RC – Não podemos mexer em nada. Estás a trabalhar com coisas que são originais. Gravámos grande parte ou a maioria das cenas com imagens em desenvolvimento, muito básicas em alguns casos, algumas só com linhas de contorno, outras só ainda com os primeiros efeitos e alguns inacabados. E outros só trabalhámos só mesmo sobre a voz do actor original Americano. Aqui acabas por ter consciência que tens de colocar a língua Portuguesa sobre a língua Inglesa naquele tempo certo. Quando gravei cenas com a personagem à vista, com movimentos labiais, tinha de fazer corresponder com as palavras com os movimentos. De resto, na sua grande maioria, eu nem vi nada.

W – Não chegou a jogar, portanto.

RC – Nunca o joguei. Este nunca joguei. Com os gamers que vi aqui a jogar (no evento de lançamento), vou tentar jogar em casa, escondido (risos). Tenho vergonha perante a destreza das pessoas que vi jogar aqui. Fiquei fascinado.

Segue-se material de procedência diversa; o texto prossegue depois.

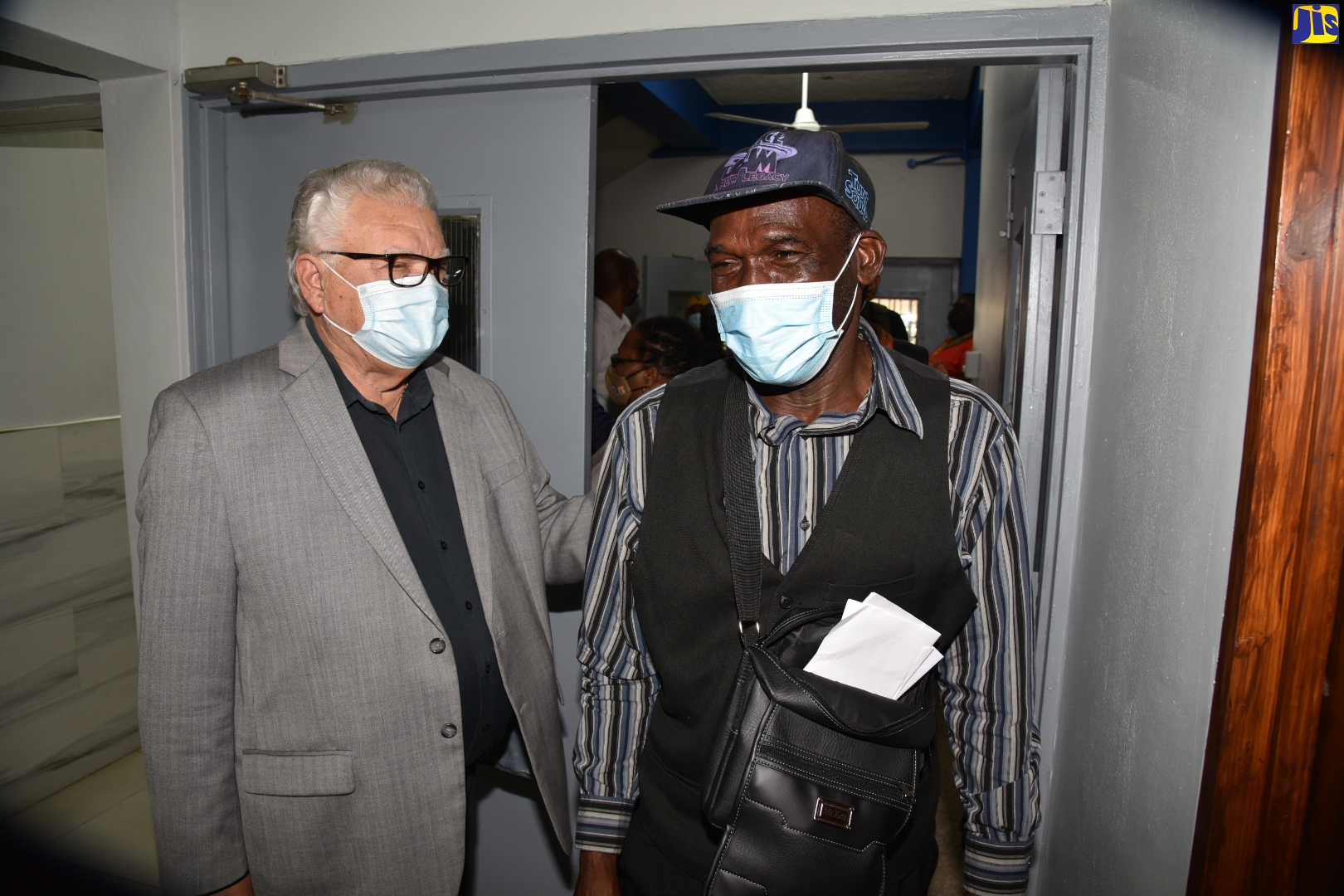 Minister of Labour and Social Security, Hon. Karl Samuda (left), greets veteran farmworker, Clovis Cooper, during a send-off ceremony held at the Ministry’s Overseas Employment Services Centre in downtown Kingston, recently. The workers left the island for Canada.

E depois há outra coisa que achei extraordinário. De repente achei que devia haver ali uma opção no menu onde possamos ver um bocadinho do “filme” do Kratos. Apetece-me ver o filme do Kratos. Se calhar é uma ideia que se lança para o ar, era giro que um dia tivéssemos God of War no cinema. Nunca se sabe…

W – Tanto cá, como lá fora, há uma ideia que este tipo de actuação, chamado de “voice acting” é, de certa forma, inferior para um actor. Já falámos um pouco sobre a exigência necessária, mas ainda há actores que recusam este tipo de actuação por achá-la inferior.

RC – Acho uma perfeita estupidez este tipo de atitude. Faz-me lembrar há uns anos atrás quando os actores todos diziam que não faziam telenovelas por acharem que era uma “arte menor”. Hoje estão lá todos (risos). Criticaram-se as novelas, mas foram as novelas que, por exemplo, fizeram com que a música Portuguesa esteja onde está.

Não acho esta uma “arte menor”. Acho extraordinariamente difícil. Se me dissessem que alguns actores não queria fazer isto pela exigência desta personagem, mais uma vez relacionada com esta energia e a defesa o aparelho vocal, se levantassem a exigência deste tipo de registo, eu compreendia. Agora, acho que é um desafio como todos os outros e tão dignificante como todos os outros.

W – Falando agora sobre a personagem Kratos. Evoluiu de um assassino de deuses do Olimpo, cruel e gutural, uma força da natureza e, agora é um pai mais protector.

RC – É um pai, mas não deixa de ser gutural e essa força da natureza. Eu acho que o Kratos é um pouco aquilo que nós todos somos. Partimos de um princípio, quando o conhecemos, que “este gajo é doido, é uma besta, mata família toda”. Mas, no fundo é um revoltado porque quer ser um homem normal. Esta é a dualidade do “ser ou não ser” e todos nós passamos por isso. A própria sociedade obriga-nos a tomar um certo tipo de padrão e porque não podemos ser diferentes? Porque não fazer as coisas à nossa maneira? E, às vezes, até apetece partir tudo… (risos) Eu sou fã do Kratos, confesso. Não sou violento como ele, mas acho que tem um pouco de todos nós. Há sempre uma razão para o que acontece.

Na questão de ser pai, muda a personalidade, não muda a personagem. Mas, o Kratos está mais velho e qual é o homem que não fragiliza perante um filho? Qual é o homem que não fragiliza quando tem consciência que o problema do filho é ele não se assumir como deus? É humano.

W – E essa transformação notou-se nas falas e nas emoções transmitidas.

RC – Nota-se nas falas, nota-se na interacção e na relação dele com o filho. Agora, não altera em nada a dinâmica e o lado guerreiro que eles têm. Porque o filho está naquela fase de adolescência, quer ir “a todas”. Kratos tenta controlá-lo para que ele aprenda, acima de tudo. Mas, nenhum dos dois perde a sua essência. God of War, continua a ser God of War.

Esta entrevista foi realizada ao vivo. A ordem das questões, assim como a transcrição, é nossa e assumimos algum erro ou imprecisão na gramática. As informações concretas, porém, são inteiramente reproduzidas.